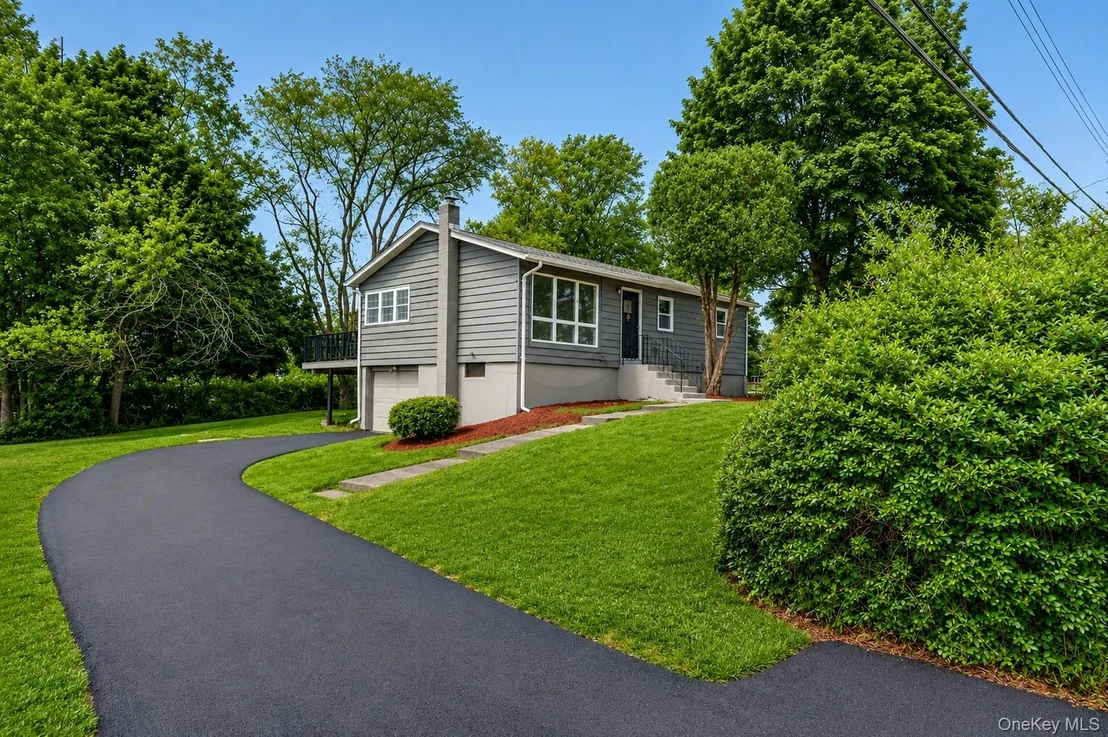 Photo of 4 Maple Lane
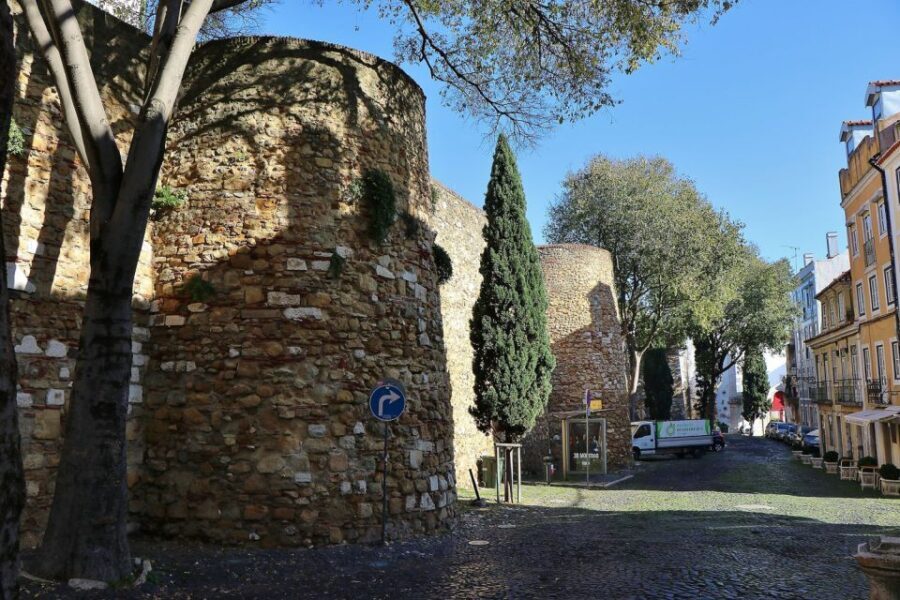 Lisbon: Full-Day Private Walking Sightseeing Tour - Lisbon Cathedral: why this stop matters more than it seems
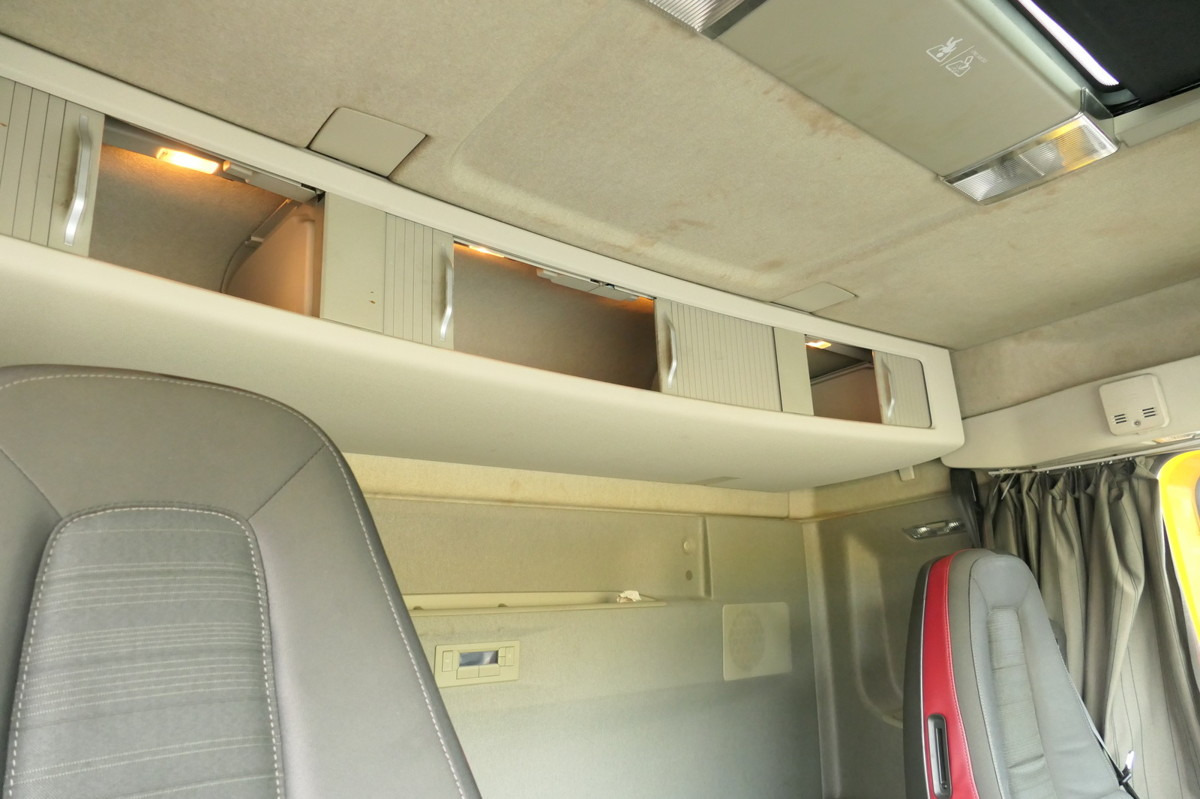 Camion porte-conteneur/ Caisse mobile VOLVO FH 26.420 6x2 BDF: photos 8
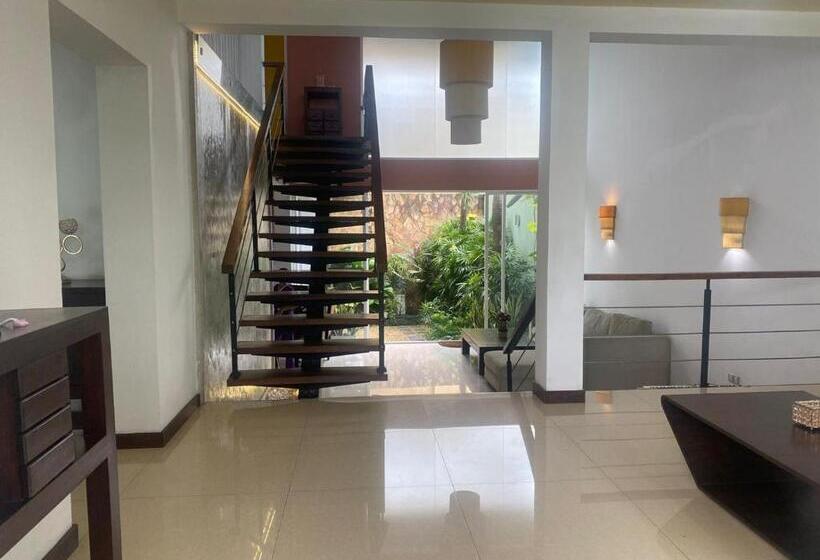 צימר Priyajeewaka Luxury Resort & Nursing Care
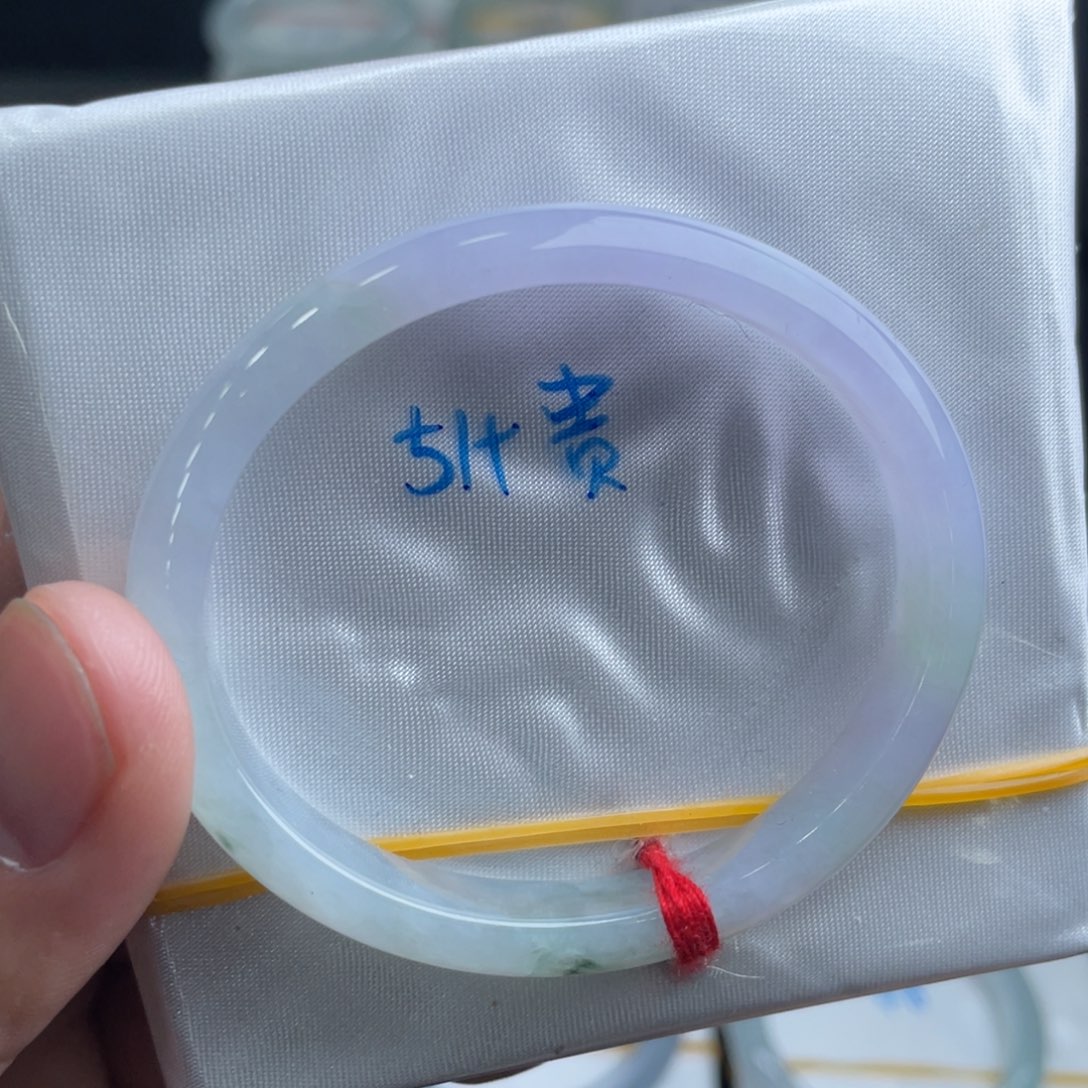 翡翠手镯未镶嵌翡翠手镯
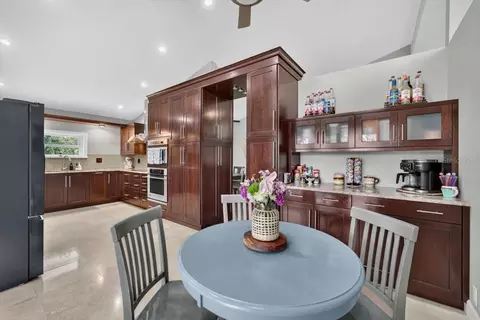 Kitchen - 11302 Sandpine Rd, Riverview, FL 33569 photo 8 of 8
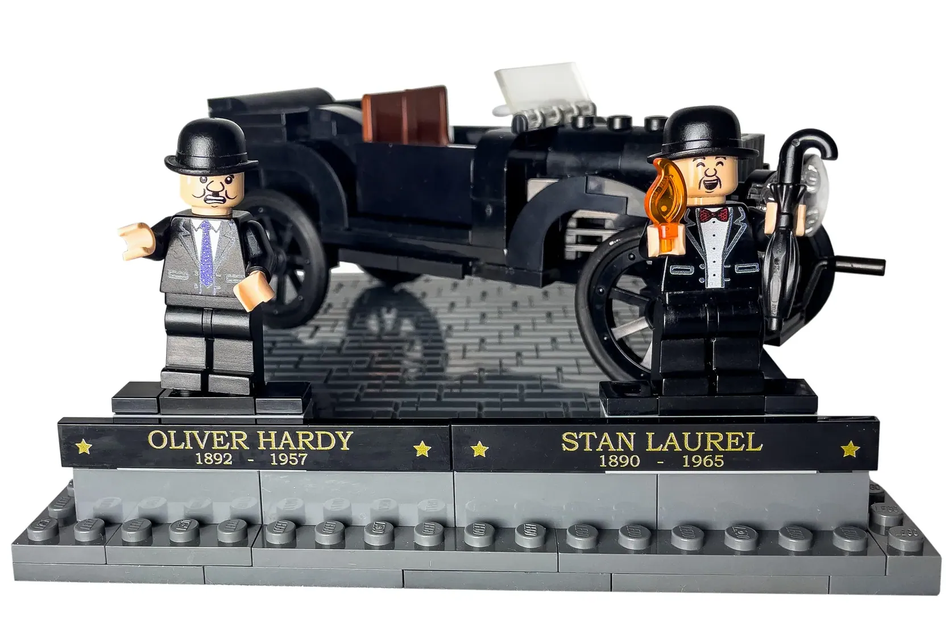 LEGO Ideas Laurel and Hardy Theatre 5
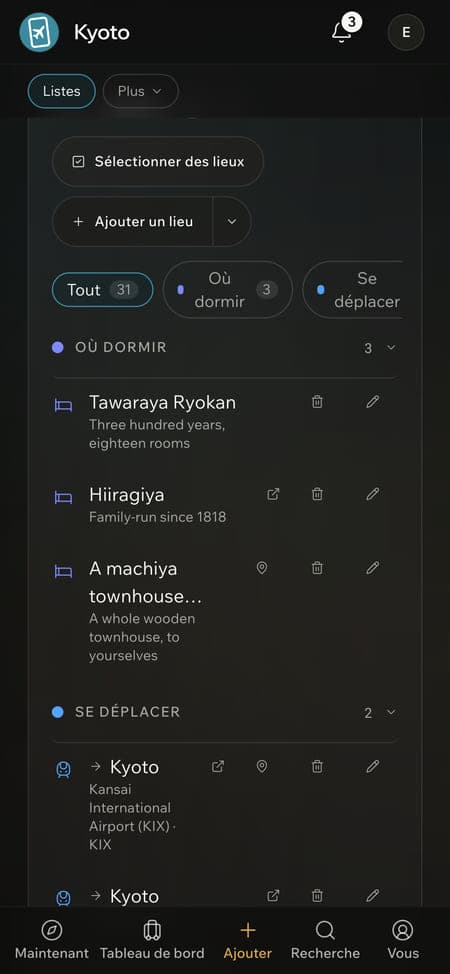 Une sélection d'hébergements et de restaurants de Kyoto sur un téléphone, chacun avec une courte description.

■ ■ ■ ■ ■

WORK ITEM – Restate word for word each line from the one containing "Lisbon: Full-Day Private" through the end of the material, pictures excluded.

ANSWER AREA –
 Lisbon: Full-Day Private Walking Sightseeing Tour - Lisbon Cathedral: why this stop matters more than it seems
 Camion porte-conteneur/ Caisse mobile VOLVO FH 26.420 6x2 BDF: photos 8
 צימר Priyajeewaka Luxury Resort & Nursing Care
 翡翠手镯未镶嵌翡翠手镯
 Kitchen - 11302 Sandpine Rd, Riverview, FL 33569 photo 8 of 8
 LEGO Ideas Laurel and Hardy Theatre 5
 Une sélection d'hébergements et de restaurants de Kyoto sur un téléphone, chacun avec une courte description.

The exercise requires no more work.